SULAWESI TENGAH — Federal Trade Commission (FTC) Amerika Serikat resmi menjatuhkan sanksi ke Hopper, aplikasi travel populer yang mengandalkan kecerdasan buatan untuk memprediksi harga penerbangan dan hotel. Perusahaan setuju membayar USD 35 juta (sekitar Rp 575 miliar) untuk menyelesaikan tuntutan hukum atas praktik biaya tersembunyi yang dinilai merugikan konsumen.
Biaya Tersembunyi dan Kotak Centang Otomatis
FTC menemukan Hopper menggunakan "dark pattern" — desain antarmuka yang sengaja memanipulasi pengguna agar mengambil keputusan yang tidak mereka inginkan. Dalam kasus ini, biaya "Tip" dan "VIP Support" sengaja disembunyikan dan sudah tercentang otomatis di layar aplikasi.
Pengguna baru menyadari adanya biaya tambahan saat harus scroll ke bawah layar. Akibatnya, banyak pelanggan mendapati tagihan membengkak tanpa persetujuan eksplisit mereka.
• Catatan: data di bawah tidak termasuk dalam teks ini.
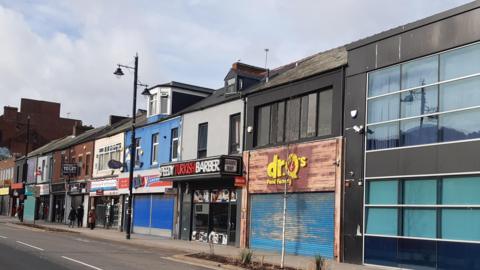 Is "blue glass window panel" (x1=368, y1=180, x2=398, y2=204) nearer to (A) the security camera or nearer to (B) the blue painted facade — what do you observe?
(A) the security camera

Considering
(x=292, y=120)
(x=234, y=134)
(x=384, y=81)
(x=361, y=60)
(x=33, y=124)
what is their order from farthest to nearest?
(x=33, y=124) < (x=234, y=134) < (x=292, y=120) < (x=361, y=60) < (x=384, y=81)

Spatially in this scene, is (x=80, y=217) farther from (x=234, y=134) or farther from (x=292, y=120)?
(x=292, y=120)

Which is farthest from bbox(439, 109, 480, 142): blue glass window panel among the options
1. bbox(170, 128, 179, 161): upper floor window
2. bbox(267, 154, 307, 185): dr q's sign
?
bbox(170, 128, 179, 161): upper floor window

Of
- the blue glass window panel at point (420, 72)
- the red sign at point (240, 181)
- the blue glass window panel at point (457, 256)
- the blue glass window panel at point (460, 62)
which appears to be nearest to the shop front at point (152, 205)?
the red sign at point (240, 181)

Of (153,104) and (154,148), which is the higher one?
(153,104)

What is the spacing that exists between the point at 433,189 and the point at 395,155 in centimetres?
192

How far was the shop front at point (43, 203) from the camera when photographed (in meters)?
56.4

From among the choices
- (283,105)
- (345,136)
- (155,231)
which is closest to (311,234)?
(345,136)

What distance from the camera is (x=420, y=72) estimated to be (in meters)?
18.3

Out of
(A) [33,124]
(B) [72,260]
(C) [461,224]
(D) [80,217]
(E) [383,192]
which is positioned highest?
(A) [33,124]

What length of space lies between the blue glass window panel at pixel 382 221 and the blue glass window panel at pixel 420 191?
72cm

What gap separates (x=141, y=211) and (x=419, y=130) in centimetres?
2300

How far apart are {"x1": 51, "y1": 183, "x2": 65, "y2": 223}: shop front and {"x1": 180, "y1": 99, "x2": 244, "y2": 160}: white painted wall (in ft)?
78.8

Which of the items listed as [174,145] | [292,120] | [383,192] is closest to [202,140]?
[174,145] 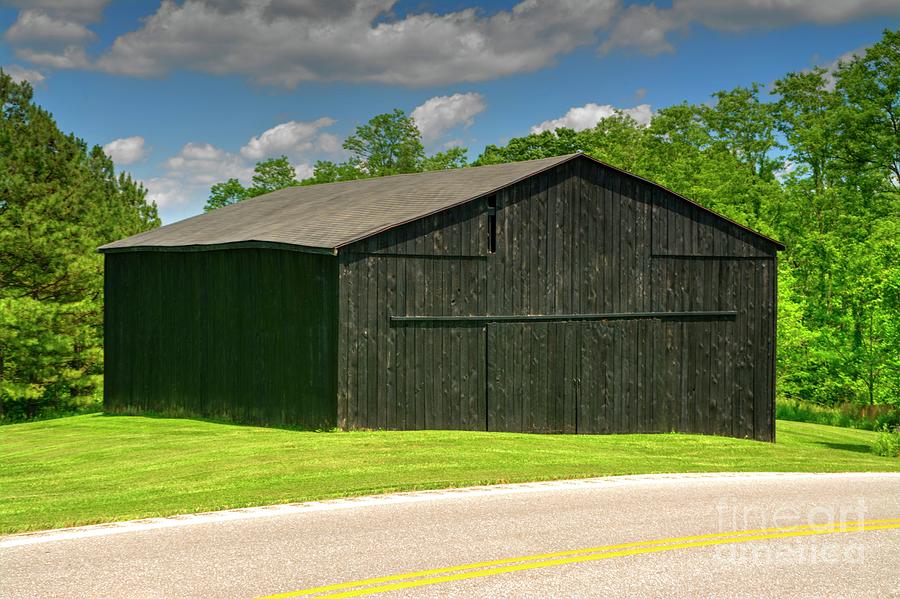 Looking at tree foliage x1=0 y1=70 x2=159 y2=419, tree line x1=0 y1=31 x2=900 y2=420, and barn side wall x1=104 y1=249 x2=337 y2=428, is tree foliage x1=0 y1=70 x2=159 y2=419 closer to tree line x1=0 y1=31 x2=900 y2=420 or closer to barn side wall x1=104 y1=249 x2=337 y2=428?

Praktik serupa sebelumnya juga pernah ditindak FTC terhadap Match, StubHub, neobank Dave, dan Fortnite.
Layanan "Price Freeze" dan "VIP Support" yang Menyesatkan
FTC juga menyoroti layanan unggulan Hopper seperti "VIP Support" dan "Price Freeze" atau "Hold the Room". Pengguna diklaim akan mendapat pengalaman booking yang lebih baik, tapi kenyataannya mereka justru berhadapan dengan biaya tambahan dan akses layanan pelanggan yang terbatas.
Untuk layanan "Price Freeze", aplikasi disebut gagal mengomunikasikan batasan penting. Harga yang dibekukan hanya berlaku hingga batas tertentu dan hanya jika kamar atau tiket masih tersedia saat pengguna benar-benar memesan. Banyak pengguna baru sadar saat hendak checkout.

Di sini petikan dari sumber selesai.